- **About this exercise**
Write out exactly the lines from the one with "2010 HONDA ACCORD CROSSTOUR" through the last line of the data below, but not the pictures.

- **Task material**

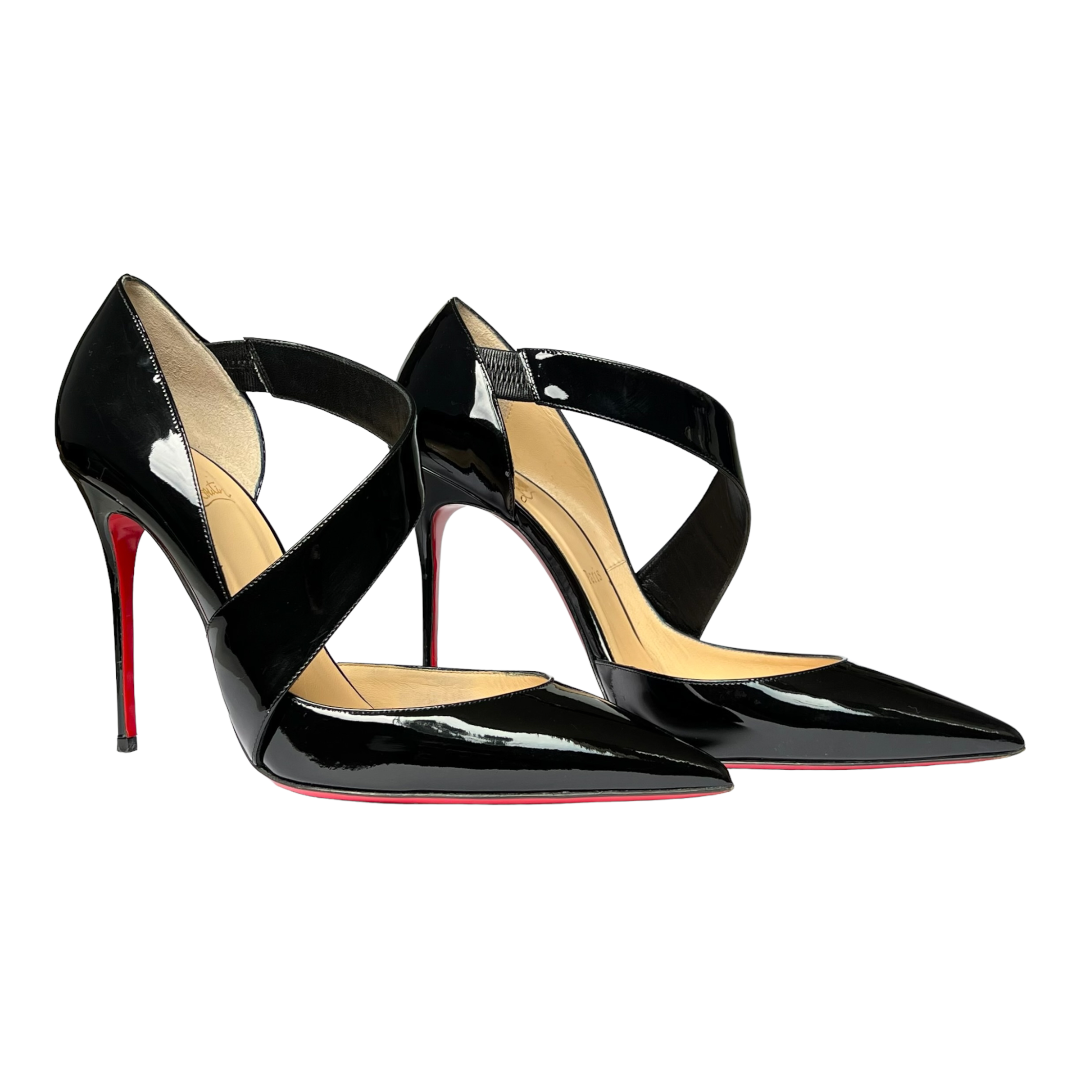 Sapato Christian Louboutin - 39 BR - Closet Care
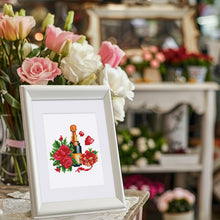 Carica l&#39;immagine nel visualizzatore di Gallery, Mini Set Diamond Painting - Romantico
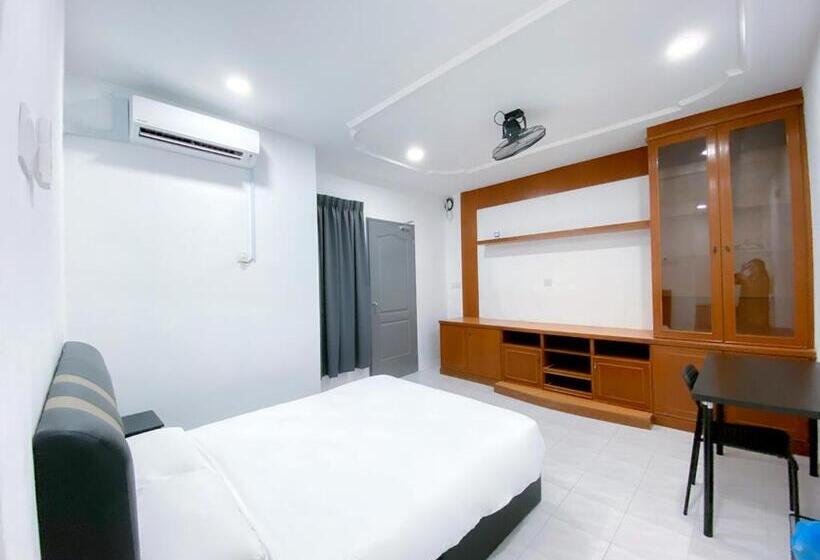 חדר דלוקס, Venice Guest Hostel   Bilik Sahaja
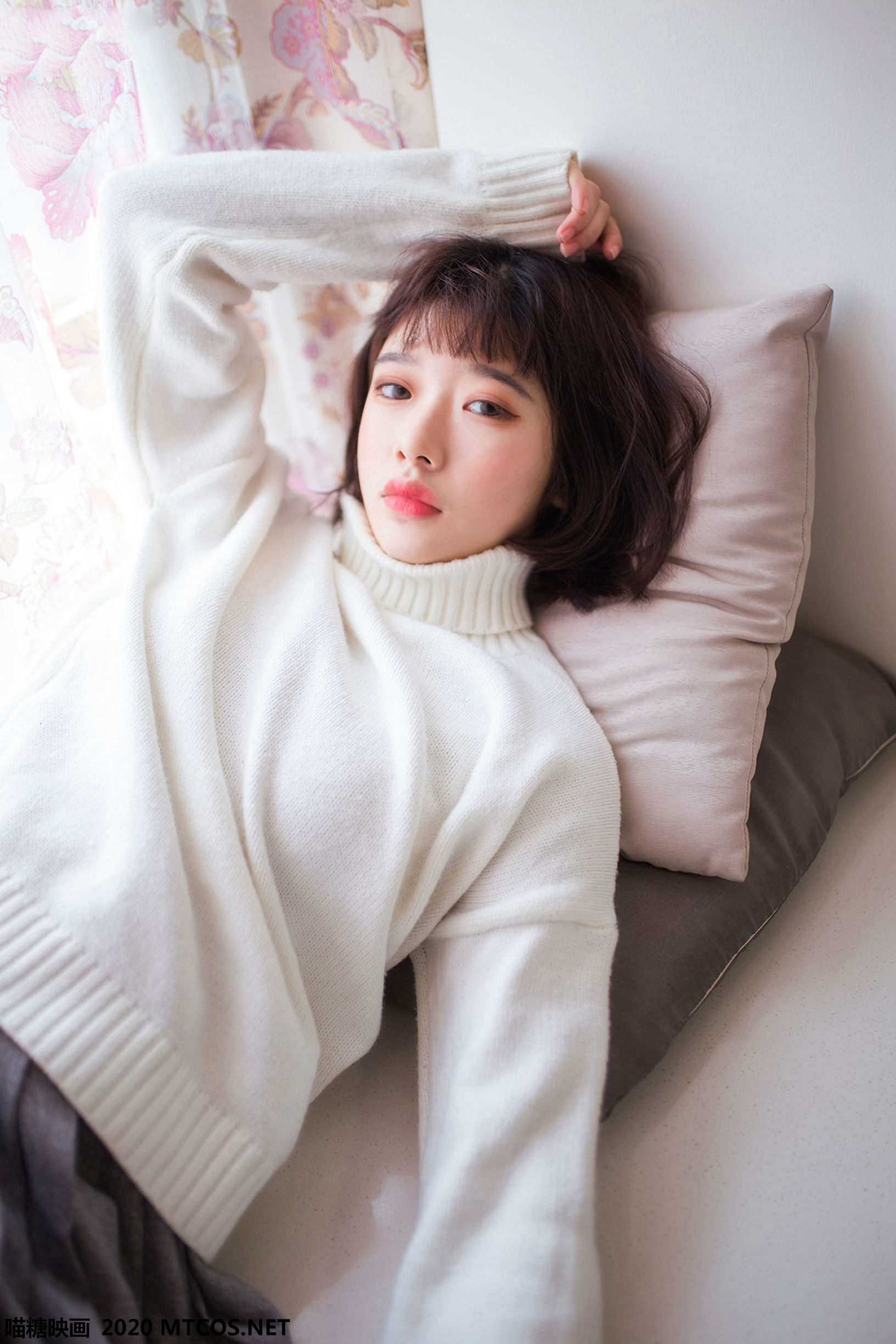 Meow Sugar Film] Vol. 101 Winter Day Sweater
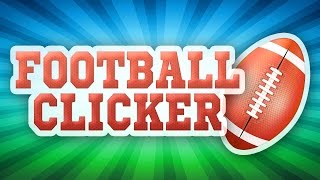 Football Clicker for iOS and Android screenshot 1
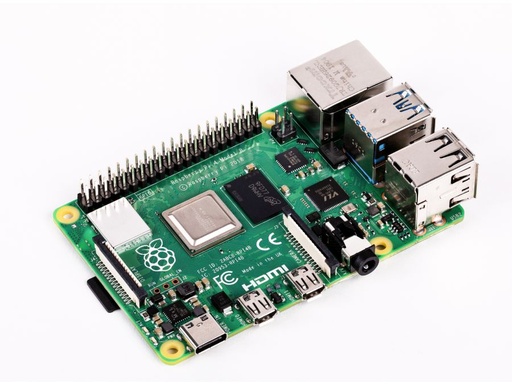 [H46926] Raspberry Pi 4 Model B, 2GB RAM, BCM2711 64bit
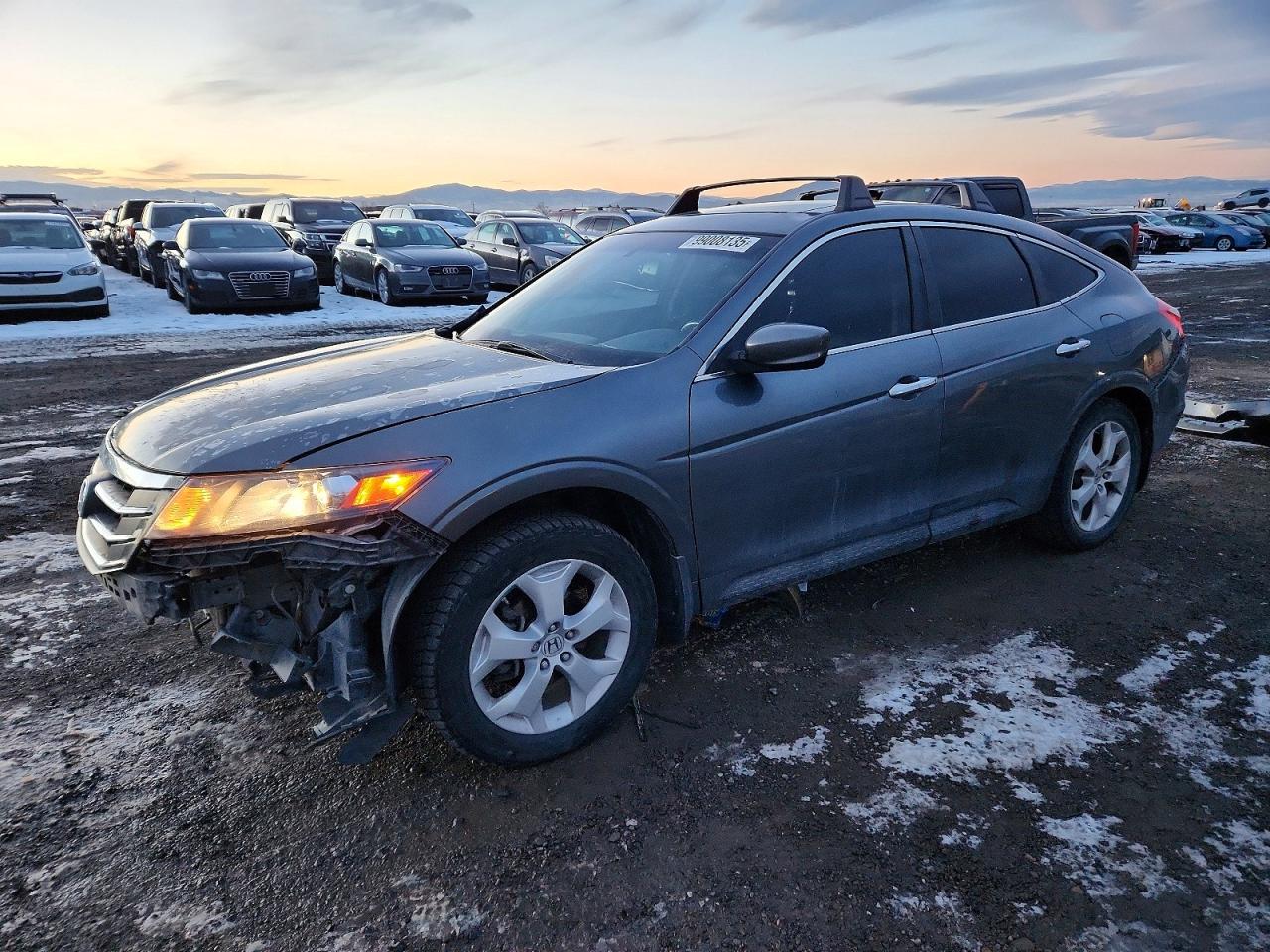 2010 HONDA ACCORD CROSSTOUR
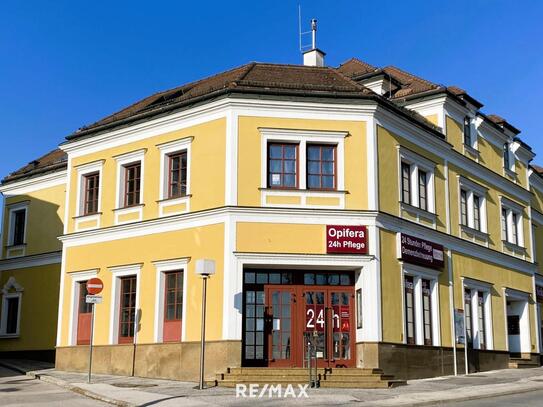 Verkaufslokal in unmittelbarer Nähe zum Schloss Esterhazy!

- **Your solution**
 2010 HONDA ACCORD CROSSTOUR
 Verkaufslokal in unmittelbarer Nähe zum Schloss Esterhazy!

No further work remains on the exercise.